**What you will do:** Both the line with "10K White Gold + Sand , Polish Finish" and the line with "Inside view of" in the records below must appear in the output, along with every line between them, exactly and with nothing added.

**Material shown:**

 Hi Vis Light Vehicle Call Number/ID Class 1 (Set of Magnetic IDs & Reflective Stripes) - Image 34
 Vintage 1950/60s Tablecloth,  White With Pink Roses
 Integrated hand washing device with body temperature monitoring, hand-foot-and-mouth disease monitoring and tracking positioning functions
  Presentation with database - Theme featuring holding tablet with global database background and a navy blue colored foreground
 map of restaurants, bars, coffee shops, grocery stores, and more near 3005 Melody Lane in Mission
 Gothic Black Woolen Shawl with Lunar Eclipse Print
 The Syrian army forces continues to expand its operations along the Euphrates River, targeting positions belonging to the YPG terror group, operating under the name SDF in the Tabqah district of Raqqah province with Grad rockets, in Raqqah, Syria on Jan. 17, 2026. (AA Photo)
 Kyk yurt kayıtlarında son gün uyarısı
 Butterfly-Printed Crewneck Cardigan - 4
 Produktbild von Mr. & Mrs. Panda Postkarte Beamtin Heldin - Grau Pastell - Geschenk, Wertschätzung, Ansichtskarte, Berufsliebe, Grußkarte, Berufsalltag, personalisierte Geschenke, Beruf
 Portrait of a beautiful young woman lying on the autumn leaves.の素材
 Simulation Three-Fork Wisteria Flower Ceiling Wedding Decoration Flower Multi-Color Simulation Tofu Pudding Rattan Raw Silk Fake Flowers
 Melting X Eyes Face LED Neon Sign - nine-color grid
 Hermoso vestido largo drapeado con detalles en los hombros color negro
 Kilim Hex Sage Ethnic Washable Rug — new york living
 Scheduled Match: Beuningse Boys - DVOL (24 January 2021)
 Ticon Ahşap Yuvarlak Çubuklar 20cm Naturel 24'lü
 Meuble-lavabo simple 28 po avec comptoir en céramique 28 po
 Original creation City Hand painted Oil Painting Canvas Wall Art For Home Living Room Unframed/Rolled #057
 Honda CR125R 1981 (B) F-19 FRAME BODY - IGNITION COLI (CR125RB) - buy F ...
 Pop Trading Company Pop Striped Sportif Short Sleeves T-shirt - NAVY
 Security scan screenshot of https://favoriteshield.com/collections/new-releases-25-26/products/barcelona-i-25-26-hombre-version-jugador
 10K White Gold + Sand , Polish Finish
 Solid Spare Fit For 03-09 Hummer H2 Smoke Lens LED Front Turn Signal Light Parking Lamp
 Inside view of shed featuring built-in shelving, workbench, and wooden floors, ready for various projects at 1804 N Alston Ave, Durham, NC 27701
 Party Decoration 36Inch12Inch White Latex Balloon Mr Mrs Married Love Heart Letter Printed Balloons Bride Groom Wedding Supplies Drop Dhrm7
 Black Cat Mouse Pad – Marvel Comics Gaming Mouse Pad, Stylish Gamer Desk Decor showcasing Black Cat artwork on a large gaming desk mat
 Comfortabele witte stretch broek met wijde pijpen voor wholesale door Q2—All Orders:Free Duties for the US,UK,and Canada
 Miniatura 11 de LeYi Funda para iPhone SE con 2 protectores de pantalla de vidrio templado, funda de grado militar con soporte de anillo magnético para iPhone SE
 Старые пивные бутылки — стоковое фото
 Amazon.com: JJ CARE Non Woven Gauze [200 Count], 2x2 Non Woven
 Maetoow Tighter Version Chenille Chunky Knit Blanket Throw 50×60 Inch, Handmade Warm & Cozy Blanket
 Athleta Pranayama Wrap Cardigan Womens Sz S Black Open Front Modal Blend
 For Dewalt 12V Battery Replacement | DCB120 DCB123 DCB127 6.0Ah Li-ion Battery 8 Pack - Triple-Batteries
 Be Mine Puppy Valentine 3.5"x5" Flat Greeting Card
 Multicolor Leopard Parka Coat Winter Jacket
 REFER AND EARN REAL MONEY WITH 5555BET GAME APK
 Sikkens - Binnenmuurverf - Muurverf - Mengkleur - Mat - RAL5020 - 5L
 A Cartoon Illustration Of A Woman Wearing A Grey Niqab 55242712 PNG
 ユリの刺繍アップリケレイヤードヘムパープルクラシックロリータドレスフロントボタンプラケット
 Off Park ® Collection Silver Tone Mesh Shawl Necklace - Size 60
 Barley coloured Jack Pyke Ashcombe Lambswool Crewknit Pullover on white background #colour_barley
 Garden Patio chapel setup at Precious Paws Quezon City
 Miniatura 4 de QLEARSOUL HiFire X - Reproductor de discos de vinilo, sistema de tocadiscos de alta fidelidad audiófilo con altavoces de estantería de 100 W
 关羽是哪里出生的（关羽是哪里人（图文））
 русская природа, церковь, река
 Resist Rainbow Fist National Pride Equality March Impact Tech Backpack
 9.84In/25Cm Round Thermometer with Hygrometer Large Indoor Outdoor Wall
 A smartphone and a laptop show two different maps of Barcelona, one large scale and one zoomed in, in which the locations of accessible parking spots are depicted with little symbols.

**Expected output:**
 10K White Gold + Sand , Polish Finish
 Solid Spare Fit For 03-09 Hummer H2 Smoke Lens LED Front Turn Signal Light Parking Lamp
 Inside view of shed featuring built-in shelving, workbench, and wooden floors, ready for various projects at 1804 N Alston Ave, Durham, NC 27701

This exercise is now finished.